*Data shown*.
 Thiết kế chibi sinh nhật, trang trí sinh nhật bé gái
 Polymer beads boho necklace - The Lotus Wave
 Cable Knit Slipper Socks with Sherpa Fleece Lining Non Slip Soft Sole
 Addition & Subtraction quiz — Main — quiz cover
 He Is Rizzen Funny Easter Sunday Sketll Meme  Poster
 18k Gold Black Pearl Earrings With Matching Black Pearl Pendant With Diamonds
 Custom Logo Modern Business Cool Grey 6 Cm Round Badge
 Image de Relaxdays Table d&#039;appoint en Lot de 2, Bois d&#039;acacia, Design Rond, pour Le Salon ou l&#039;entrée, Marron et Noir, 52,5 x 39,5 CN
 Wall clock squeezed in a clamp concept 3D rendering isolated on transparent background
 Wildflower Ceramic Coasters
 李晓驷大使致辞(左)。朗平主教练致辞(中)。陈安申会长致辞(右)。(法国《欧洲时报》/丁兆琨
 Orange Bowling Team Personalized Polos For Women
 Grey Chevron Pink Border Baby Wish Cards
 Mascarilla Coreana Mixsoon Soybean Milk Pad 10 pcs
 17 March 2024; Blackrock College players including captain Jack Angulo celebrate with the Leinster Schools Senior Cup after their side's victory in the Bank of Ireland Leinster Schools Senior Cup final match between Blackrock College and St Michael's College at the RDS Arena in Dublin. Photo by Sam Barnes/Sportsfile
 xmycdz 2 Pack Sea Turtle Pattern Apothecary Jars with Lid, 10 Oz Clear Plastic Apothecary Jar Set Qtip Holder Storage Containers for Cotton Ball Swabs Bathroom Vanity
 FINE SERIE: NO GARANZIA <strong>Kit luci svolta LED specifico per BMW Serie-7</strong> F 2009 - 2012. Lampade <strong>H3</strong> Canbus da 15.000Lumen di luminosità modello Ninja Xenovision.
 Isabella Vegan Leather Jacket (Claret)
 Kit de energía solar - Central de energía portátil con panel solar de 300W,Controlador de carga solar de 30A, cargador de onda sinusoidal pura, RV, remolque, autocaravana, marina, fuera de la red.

*Problem requirements*.
Give back every line of the material, exactly as written.

*Response to the exercise*.
 Thiết kế chibi sinh nhật, trang trí sinh nhật bé gái
 Polymer beads boho necklace - The Lotus Wave
 Cable Knit Slipper Socks with Sherpa Fleece Lining Non Slip Soft Sole
 Addition & Subtraction quiz — Main — quiz cover
 He Is Rizzen Funny Easter Sunday Sketll Meme  Poster
 18k Gold Black Pearl Earrings With Matching Black Pearl Pendant With Diamonds
 Custom Logo Modern Business Cool Grey 6 Cm Round Badge
 Image de Relaxdays Table d&#039;appoint en Lot de 2, Bois d&#039;acacia, Design Rond, pour Le Salon ou l&#039;entrée, Marron et Noir, 52,5 x 39,5 CN
 Wall clock squeezed in a clamp concept 3D rendering isolated on transparent background
 Wildflower Ceramic Coasters
 李晓驷大使致辞(左)。朗平主教练致辞(中)。陈安申会长致辞(右)。(法国《欧洲时报》/丁兆琨
 Orange Bowling Team Personalized Polos For Women
 Grey Chevron Pink Border Baby Wish Cards
 Mascarilla Coreana Mixsoon Soybean Milk Pad 10 pcs
 17 March 2024; Blackrock College players including captain Jack Angulo celebrate with the Leinster Schools Senior Cup after their side's victory in the Bank of Ireland Leinster Schools Senior Cup final match between Blackrock College and St Michael's College at the RDS Arena in Dublin. Photo by Sam Barnes/Sportsfile
 xmycdz 2 Pack Sea Turtle Pattern Apothecary Jars with Lid, 10 Oz Clear Plastic Apothecary Jar Set Qtip Holder Storage Containers for Cotton Ball Swabs Bathroom Vanity
 FINE SERIE: NO GARANZIA <strong>Kit luci svolta LED specifico per BMW Serie-7</strong> F 2009 - 2012. Lampade <strong>H3</strong> Canbus da 15.000Lumen di luminosità modello Ninja Xenovision.
 Isabella Vegan Leather Jacket (Claret)
 Kit de energía solar - Central de energía portátil con panel solar de 300W,Controlador de carga solar de 30A, cargador de onda sinusoidal pura, RV, remolque, autocaravana, marina, fuera de la red.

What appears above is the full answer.